Captioned web images
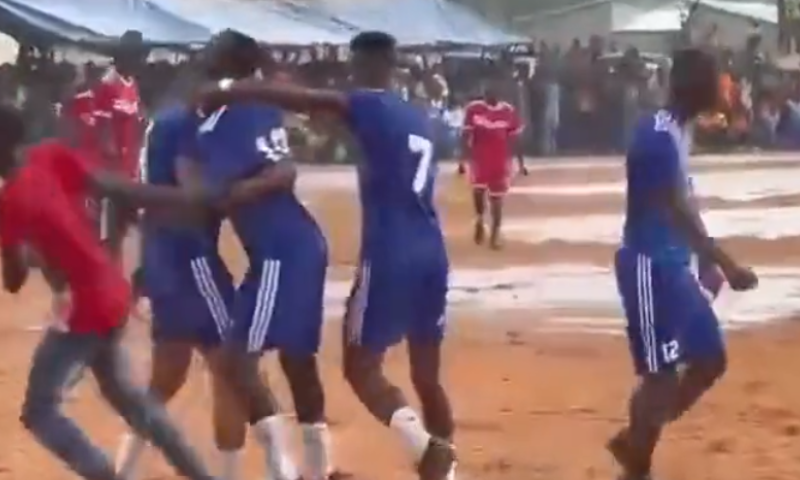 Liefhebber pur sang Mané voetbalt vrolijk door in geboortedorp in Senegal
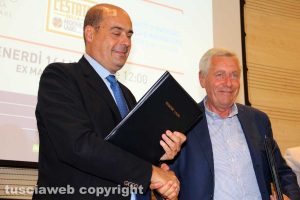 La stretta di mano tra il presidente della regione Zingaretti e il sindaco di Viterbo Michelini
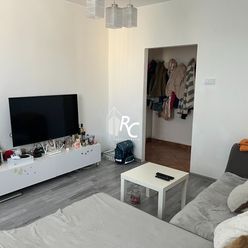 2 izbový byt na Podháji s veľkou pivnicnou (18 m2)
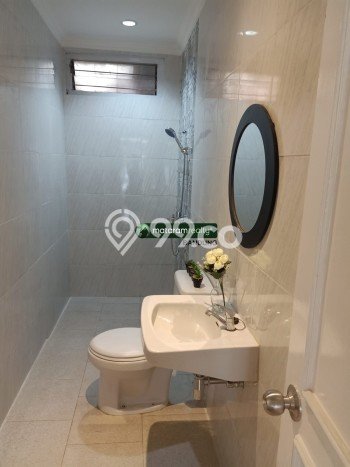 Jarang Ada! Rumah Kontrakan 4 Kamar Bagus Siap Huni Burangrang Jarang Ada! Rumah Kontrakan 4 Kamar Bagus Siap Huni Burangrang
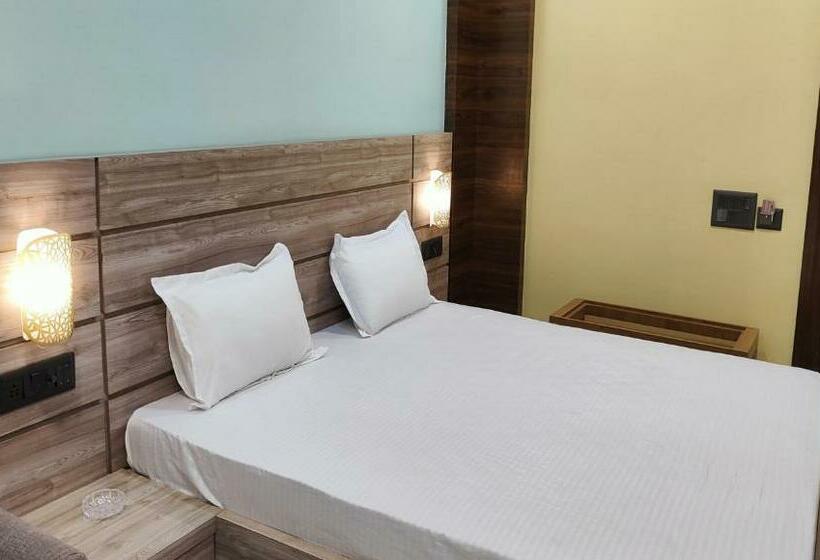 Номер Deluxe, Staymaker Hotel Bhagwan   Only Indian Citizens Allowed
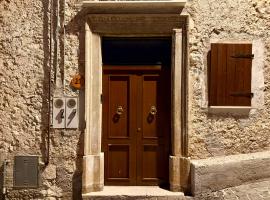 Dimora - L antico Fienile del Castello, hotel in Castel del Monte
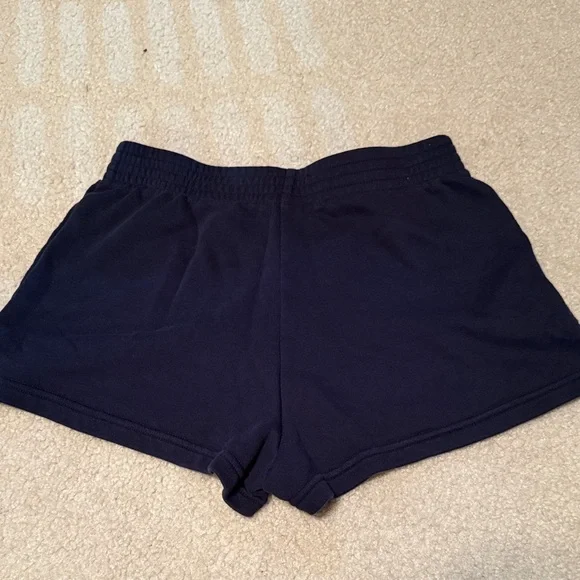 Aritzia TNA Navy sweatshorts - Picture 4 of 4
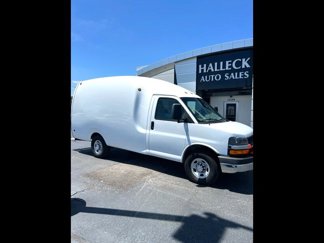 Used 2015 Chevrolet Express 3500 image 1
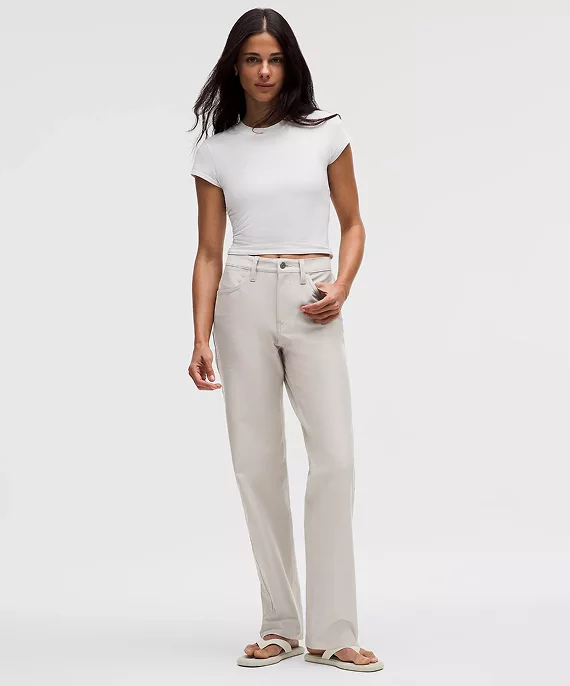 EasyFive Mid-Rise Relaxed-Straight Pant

■ **TASK TO CARRY OUT**: Starting at the line that contains "Dimora - L antico", write out every line through the final line of the entries, word for word; skip any pictures.

■ **WRITTEN RESPONSE**:
 Dimora - L antico Fienile del Castello, hotel in Castel del Monte
 Aritzia TNA Navy sweatshorts - Picture 4 of 4
 Used 2015 Chevrolet Express 3500 image 1
 EasyFive Mid-Rise Relaxed-Straight Pant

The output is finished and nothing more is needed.